As you cruise through the liquor geek sphere, especially in the arena of people with extensive at-home collections of whiskey, rum or brandy, the term “infinity bottle” is something you’re likely to run into sooner rather than later. These bottles are perhaps best summed up as homemade liquor blends that represent a living history of the bottles you’ve previously enjoyed—never static, always in flux. They are, in the eyes of some spirits geeks, nothing less than “family heirlooms” in the making.
Allow us to explain the concept.
An “infinity bottle” is an idea that borrows from the concept of wine or liquor solera systems, a process by which wine, brandy, rum, whiskey and sherry are occasionally aged. In a solera system, barrels are traditionally stacked into a triangular or pyramid-like shape, with newly distilled or fermented spirits/wine entering into the top barrel, and older spirits occupying the barrels below. The spirits are then allowed to age, with product occasionally being bottled from the oldest spirit in the lowest barrels. The barrels are never allowed to be fully emptied, however, and any spirit taken out is replaced at the top with new spirit, which then slowly trickles down through the system over the course of years. The theory of a solera system, then, is that because no barrel is ever fully emptied, some tiny portion of the original spirit must still exist in the ever-evolving blend, even if the solera system is a century old. It’s a romantic notion for selling spirits to the consumer, to be sure, although winemakers and distillers also believe the solera system helps to slowly achieve a complexity of flavor that can’t be replicated elsewhere.
An infinity bottle, then, is like a home version of a solera system for whiskey, rum or brandy geeks, being managed by the drinker in much the same way.

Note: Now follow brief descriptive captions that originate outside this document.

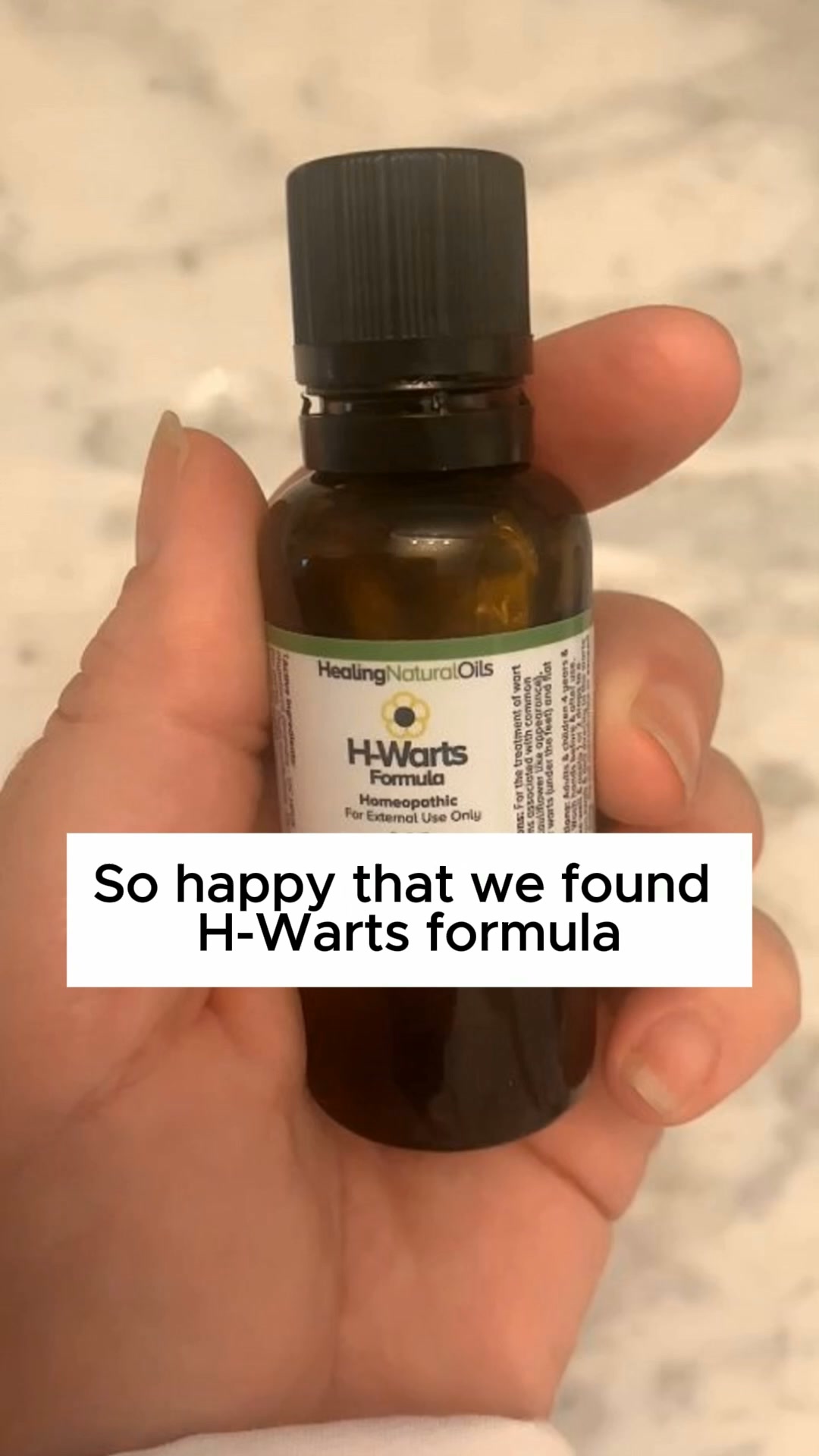 A Natural Choice For Warts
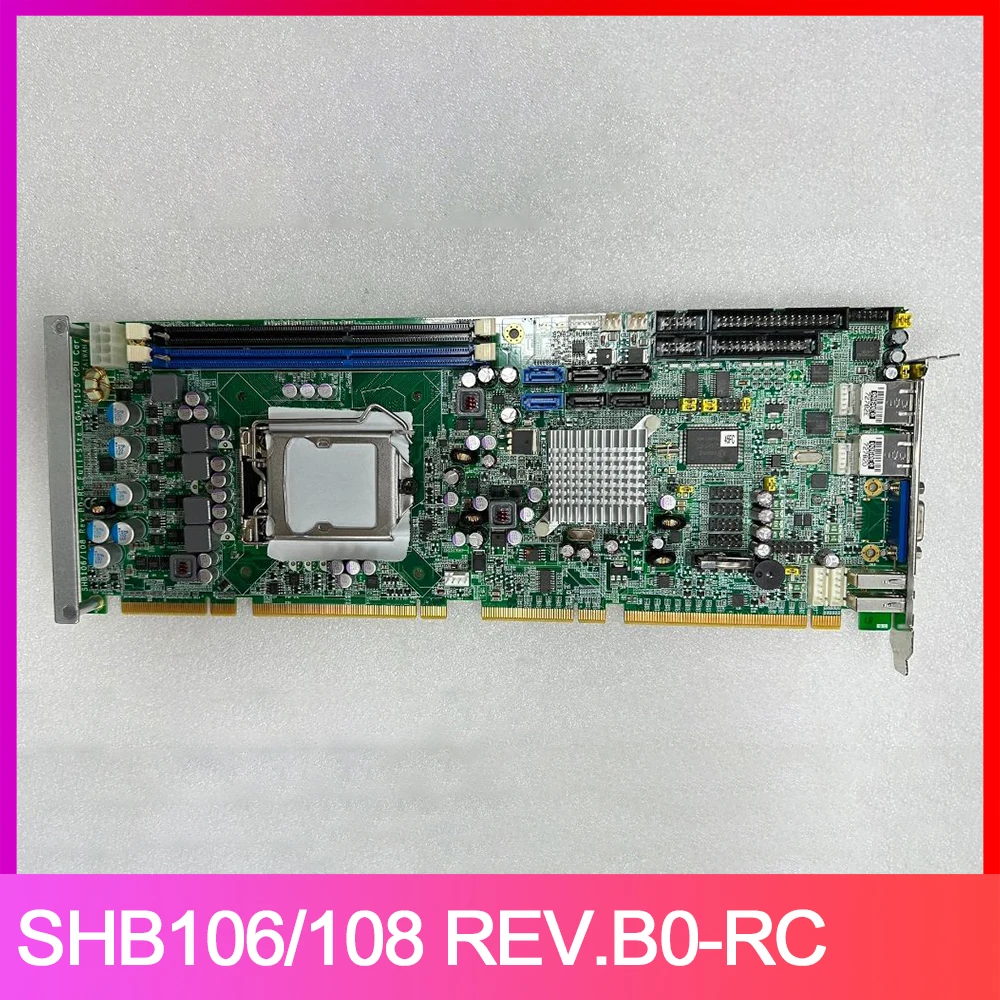 

Industrial control computer motherboard SHB106/108 REV.B0-RC
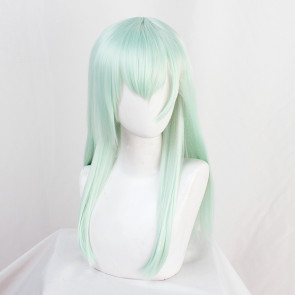 Green 60cm Inazuma Eleven Sakuma Jirou Cosplay Wig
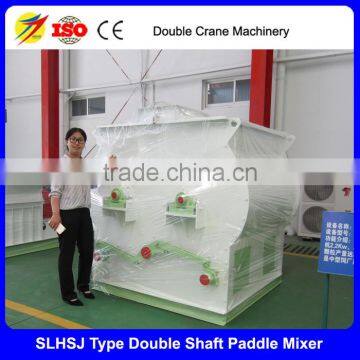 1-6 Tons Per Hour Double-shaft Paddle Mixing Machine for Animal, Chicken, Pig, Cattle Feed photo-3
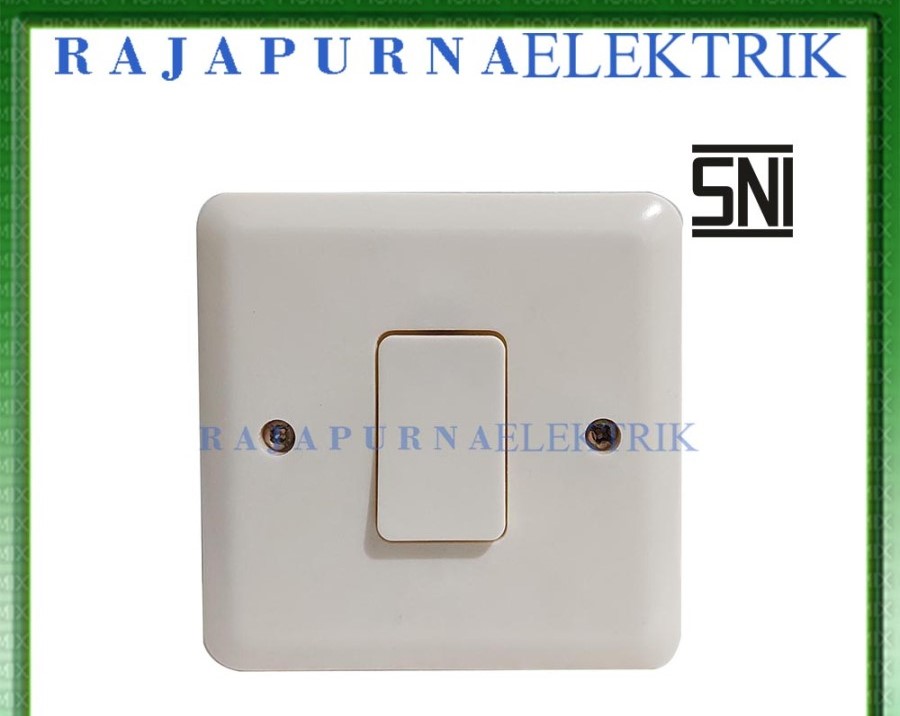 Saklar IB Inbow Single Switch Engkel Tempel MEIKO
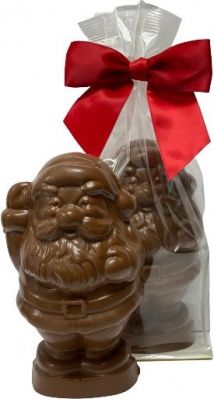 X00225 - MILK CHOCOLATE SANTA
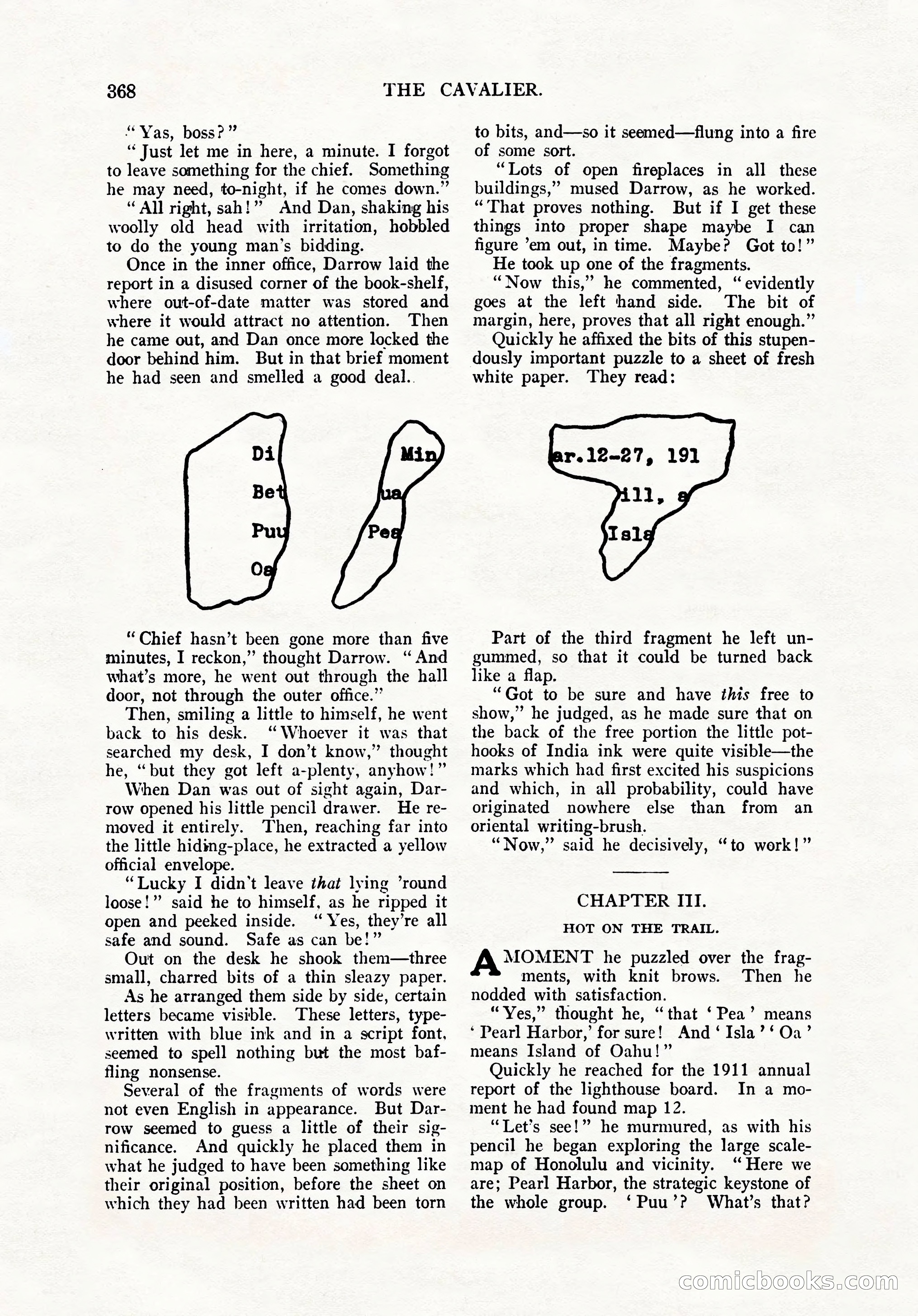 The Cavalier, July 1911 — page 180 of 198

Small amounts of spirits are added from a variety of bottles, and whatever is consumed from the infinity bottle is eventually replaced by new spirits. The same theory applies—as long as the liquor blend in the bottle is well mixed, and as long as the bottle is never emptied, then theoretically some percentage of the original liquor you added to the bottle 10 years ago will still be there, even if 100 whiskeys or rums have been added since. The complexity of the blend thereby is intended to increase over time, which is why infinity bottles are also referred to as “fractional bottles” or “living bottles” among some geeks.
A pour from the infinity bottle becomes a secret handshake among spirits geeks.
The popularization of this particular spirits geek concept is generally credited to whiskey YouTuber Ralfy Mitchell, who in 2012 uploaded a video entitled “Your Solera Bottle.” In it, he speculated on what would be possible within the framework of an at-home infinity bottle, and the potential for them to create flavors that had never been seen in the whiskey scene before. The concept quickly caught on, perhaps not least because so many whiskey geeks have spare, fancy-looking decanters sitting around that we’ve never used. The infinity bottle was a perfect excuse to finally put something in those decanters, and a way to use up the last few ounces of various whiskey bottles at the same time. It’s an exclusive blend that you can genuinely say has never been created before, and it goes without saying that whiskey geeks are drawn toward exclusivity like moths to flame.